Identifizierung und weitergehende Charakterisierung von ß-hämolysierenden Streptokokken, isoliert von Seehunden und Kegelrobben aus der deutschen Nord- und Ostsee
Zusammenfassung
Die vorliegenden Untersuchungen ermöglichten eine Identifizierung und weitergehende Charakterisierung von 72 hämolysierenden Streptokokken, isoliert von Seehunden und Kegelrobben aus der deutschen Nord- und Ostsee. Aufgrund kultureller, biochemischer, serologischer und auch molekularer Untersuchungen konnten 69 Kulturen als S. phocae und drei Kulturen als S. dysgalactiae subsp. dysgalactiae Serovar L identifiziert werden. Dies ist der erste Nachweis über das Vorkommen der Spezies S. phocae bei Kegelrobben. Von den 69 S. phocae-Kulturen wurden acht Kulturen der serologischen Gruppe C und 61 Kulturen der serologischen Gruppe F zugeordnet. Einige typische biochemische Eigenschaften der untersuchten S. phocae-Kulturen waren eine positive Fructose-, D-Mannose- und Ribose-Reaktion sowie der fehlende Abbau von Lactose, Salicin, Sorbit, Trehalose, Äskulin, Arginin und Na-Hippurat.

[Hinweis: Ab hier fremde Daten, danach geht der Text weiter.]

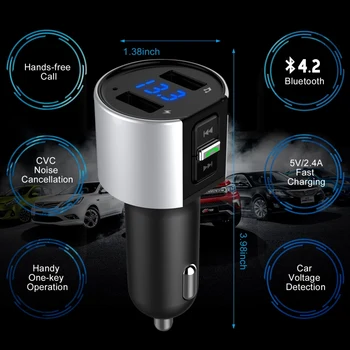 

FM Transmitter Bluetooth Wireless Handsfree Car Audio Receiver Auto MP3 Player Dual USB Fast Charger Car Accessories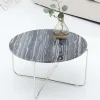 Riess-Ambiente Couchtische & Truhen > Exklusiver Couchtisch NOBLE 65cm grau echter Marmor rund silber Metall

Eine molekulare Charakterisierung der S. phocae-Isolate erfolgte, nach Sequenzierung, durch Amplifizierung des 16S ribosomalen RNA-Gens. Die Restriktionsmuster unter Verwendung der Restriktionsenzyme EarI und HincII erwiesen sich als speziesspezifisch. Eine zweite Strategie zum PCR-vermittelten Nachweis lag in der Entwicklung von S. phocae-spezifischen Oligonukleotidprimern, die unter Einbeziehung der S. phocae-spezifischen V2-Region entwickelt wurden. Mit diesen speziesspezifischen Oligonukleotidprimern war eine eindeutige Spezieszuordnung aller 69 S. phocae-Kulturen sowie der S. phocae-Referenzkulturen möglich.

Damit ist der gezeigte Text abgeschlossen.